Return the listing that follows exactly, with no pictures included.

**GIVEN DATA**
• • • • •

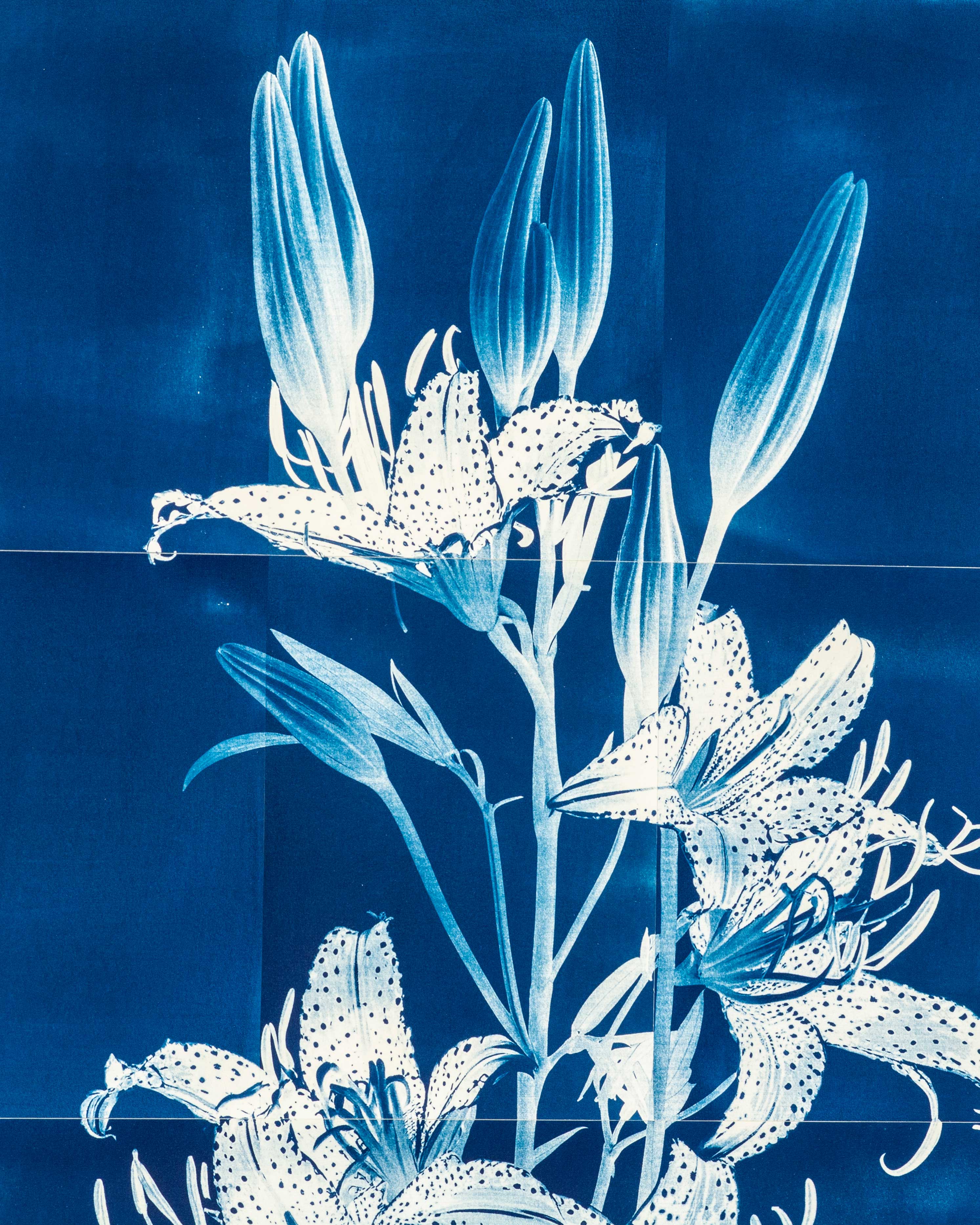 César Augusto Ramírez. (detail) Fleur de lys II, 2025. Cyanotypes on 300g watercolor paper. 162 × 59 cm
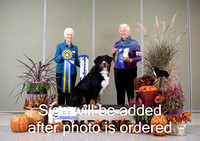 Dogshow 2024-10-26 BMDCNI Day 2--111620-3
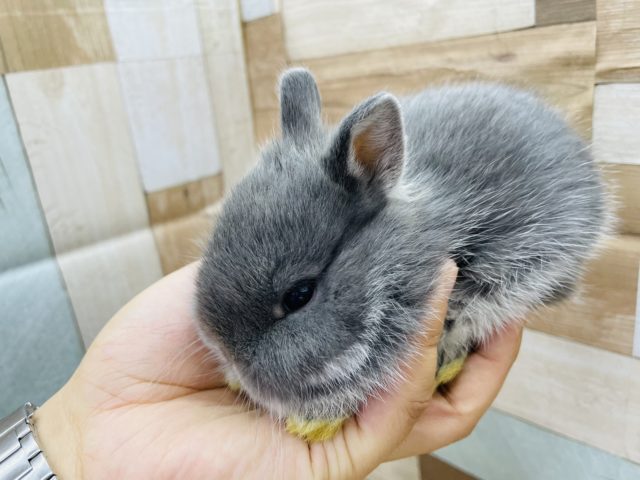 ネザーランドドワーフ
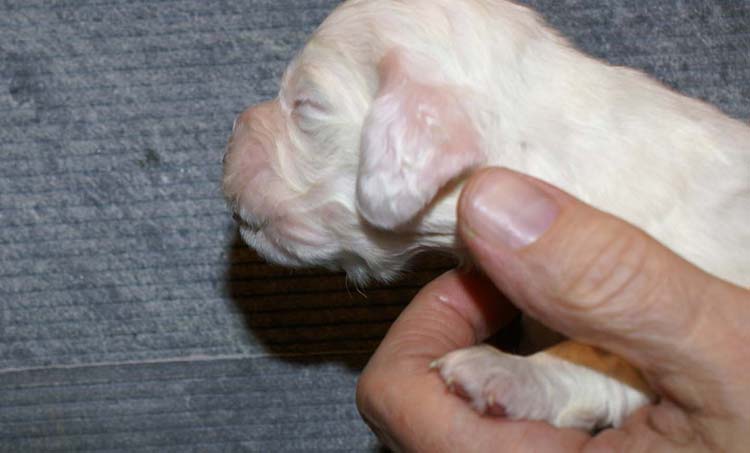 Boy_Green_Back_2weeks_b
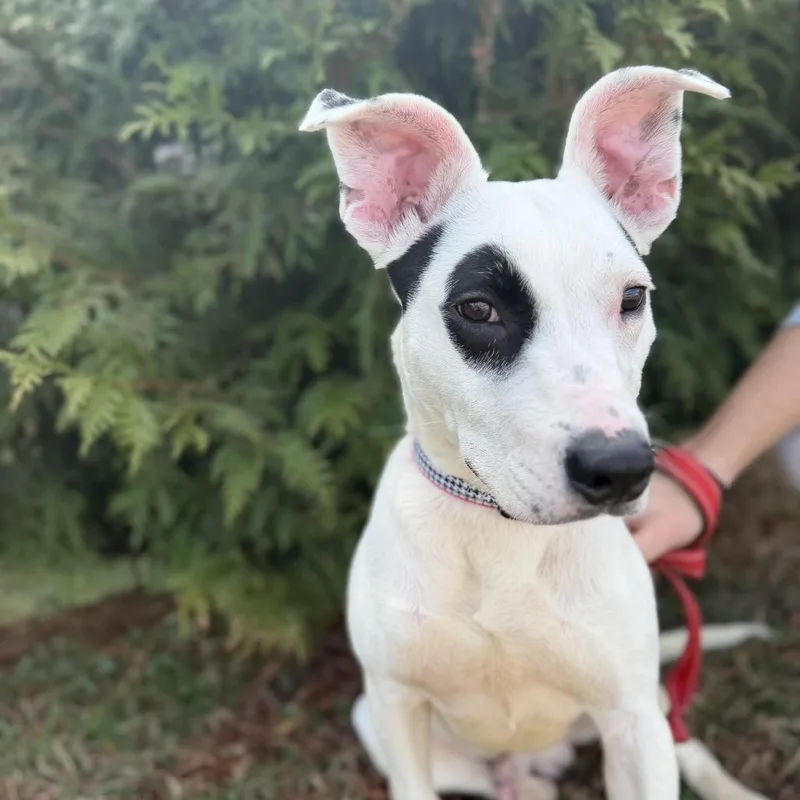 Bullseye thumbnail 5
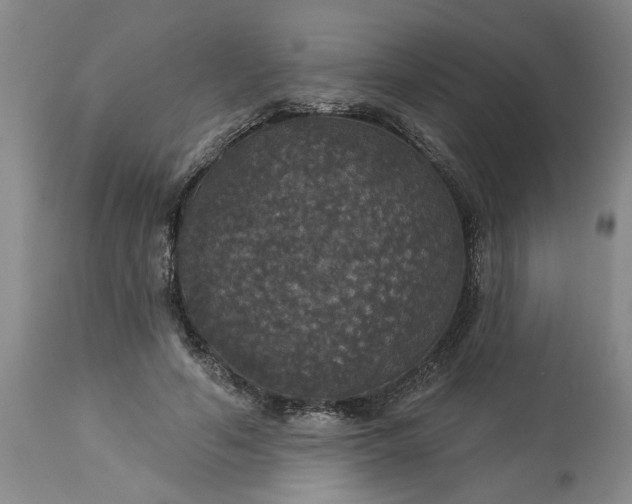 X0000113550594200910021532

• • • • •

**SOLUTION**
 César Augusto Ramírez. (detail) Fleur de lys II, 2025. Cyanotypes on 300g watercolor paper. 162 × 59 cm
 Dogshow 2024-10-26 BMDCNI Day 2--111620-3
 ネザーランドドワーフ
 Boy_Green_Back_2weeks_b
 Bullseye thumbnail 5
 X0000113550594200910021532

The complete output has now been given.